Learning the hard way

Parliamentary privilege exists in more ways than one

THE opposition Labour Party, which champions equality in education, has long struggled with the notion of private schooling. Its politicians often attack the Eton toffs of the ruling Conservatives in Parliament because of their privileged background. But some Labour cabinet ministers in the past have put their children before party conviction and sent their kids to private schools. Labour's current education spokesman, Tristram Hunt, says that private school is an option for his children. All of this does not help heal Labour's old wounds over class.

Those wounds will not be salved by new research published today by the Sutton Trust, a foundation promoting social mobility.

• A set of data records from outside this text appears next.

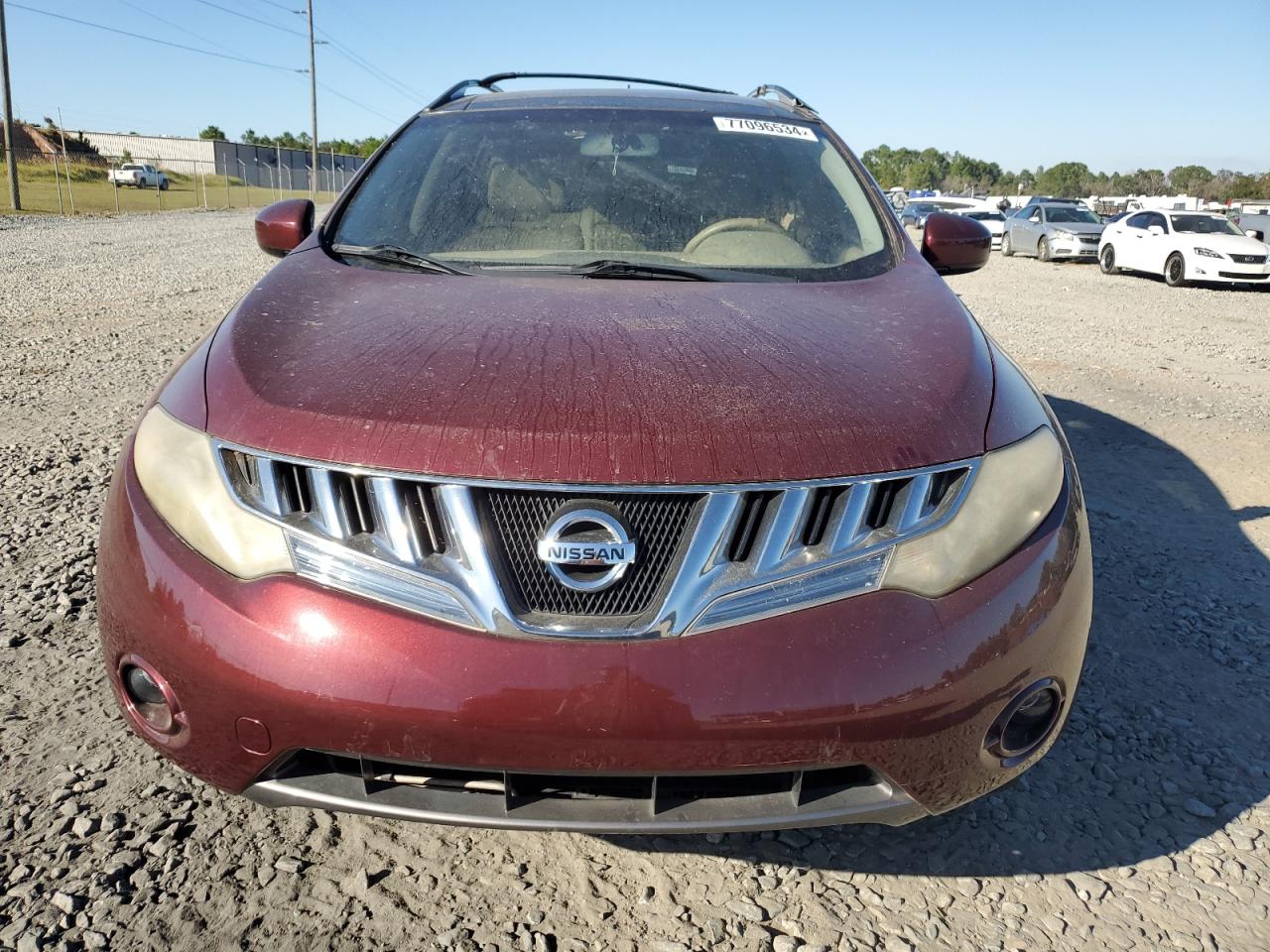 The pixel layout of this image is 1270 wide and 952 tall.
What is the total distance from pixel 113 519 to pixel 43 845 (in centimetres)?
74

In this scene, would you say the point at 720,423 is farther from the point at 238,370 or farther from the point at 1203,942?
the point at 1203,942

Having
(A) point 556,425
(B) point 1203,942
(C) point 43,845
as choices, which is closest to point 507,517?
(A) point 556,425

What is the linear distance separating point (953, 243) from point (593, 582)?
6.73 feet

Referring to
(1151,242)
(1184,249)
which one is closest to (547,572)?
(1184,249)

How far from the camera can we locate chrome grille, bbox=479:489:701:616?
61.7 inches

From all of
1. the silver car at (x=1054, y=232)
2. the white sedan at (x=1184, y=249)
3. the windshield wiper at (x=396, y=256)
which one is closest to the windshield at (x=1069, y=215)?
the silver car at (x=1054, y=232)

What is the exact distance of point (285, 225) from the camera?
3.00 metres

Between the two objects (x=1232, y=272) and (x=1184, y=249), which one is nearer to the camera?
(x=1232, y=272)

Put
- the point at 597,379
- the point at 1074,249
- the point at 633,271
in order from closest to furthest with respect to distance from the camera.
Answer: the point at 597,379
the point at 633,271
the point at 1074,249

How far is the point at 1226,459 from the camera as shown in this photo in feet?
17.1

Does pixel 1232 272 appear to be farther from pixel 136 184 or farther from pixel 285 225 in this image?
pixel 136 184

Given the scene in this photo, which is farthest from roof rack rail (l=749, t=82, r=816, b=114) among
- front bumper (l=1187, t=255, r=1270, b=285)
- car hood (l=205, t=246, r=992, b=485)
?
front bumper (l=1187, t=255, r=1270, b=285)

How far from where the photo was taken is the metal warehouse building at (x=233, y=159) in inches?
2293

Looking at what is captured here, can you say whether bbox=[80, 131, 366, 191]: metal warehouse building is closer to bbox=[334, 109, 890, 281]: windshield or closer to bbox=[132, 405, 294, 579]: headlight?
bbox=[334, 109, 890, 281]: windshield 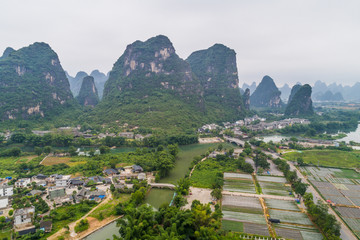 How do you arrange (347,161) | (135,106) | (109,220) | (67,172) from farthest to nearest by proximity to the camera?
(135,106), (347,161), (67,172), (109,220)

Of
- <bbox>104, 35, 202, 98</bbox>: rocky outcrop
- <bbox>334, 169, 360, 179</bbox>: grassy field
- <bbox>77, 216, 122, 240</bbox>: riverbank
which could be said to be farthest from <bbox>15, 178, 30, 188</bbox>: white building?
<bbox>104, 35, 202, 98</bbox>: rocky outcrop

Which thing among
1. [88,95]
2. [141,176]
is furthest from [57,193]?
[88,95]

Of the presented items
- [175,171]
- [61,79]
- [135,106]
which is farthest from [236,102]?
[61,79]

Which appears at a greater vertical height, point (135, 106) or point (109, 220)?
point (135, 106)

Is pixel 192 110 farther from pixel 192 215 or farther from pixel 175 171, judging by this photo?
pixel 192 215

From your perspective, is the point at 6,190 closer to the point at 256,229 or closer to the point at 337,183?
the point at 256,229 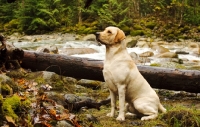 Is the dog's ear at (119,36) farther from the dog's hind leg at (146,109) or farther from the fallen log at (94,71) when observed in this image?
the fallen log at (94,71)

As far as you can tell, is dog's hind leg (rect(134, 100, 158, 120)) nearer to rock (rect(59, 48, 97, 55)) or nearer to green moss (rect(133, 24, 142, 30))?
rock (rect(59, 48, 97, 55))

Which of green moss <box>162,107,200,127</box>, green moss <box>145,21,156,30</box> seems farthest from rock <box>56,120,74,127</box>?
green moss <box>145,21,156,30</box>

The striking figure in its examination of educational backgrounds of prospective parliamentary candidates at the forthcoming election reveals that Labour hopefuls are nearly twice as likely to have gone to a private school than the party's current members of Parliament (see chart 2). That has left the party red faced. The repeated trumpeting by Ed Miliband, its leader, of his days as a pupil at a comprehensive school to boost his ordinary-guy image suddenly seems rather hollow.

Although the number of MPs from elite schools has declined over the decades, the proportion getting the best tutoring that money can buy is still greatly out of step with the general population. Only 7% of the population has attended private school, compared with a third of today’s MPs. For prospective parliamentary candidates the figure is 31%. The gap is even more conspicuous when it comes to Oxbridge. Sutton says that less than 1% of Britons have gone to Oxford or Cambridge, but a fifth of the new parliamentary candidates have been educated at either university, which closely matches the current profile of Parliament. Labour’s Oxbridge quota has nudged up slightly, too.

And as for the populists led by the blokeish, beer-supping Nigel Farage, the UK Independence Party now cannot escape criticism of being part of the Westminster elite that it wants people to vote against on May 7th. Its collection of candidates is second only to the Tories in having a private-school background and are twice as likely to have a degree than the population as a whole. Sutton's data raises the question of whether this election really will be a vote for change.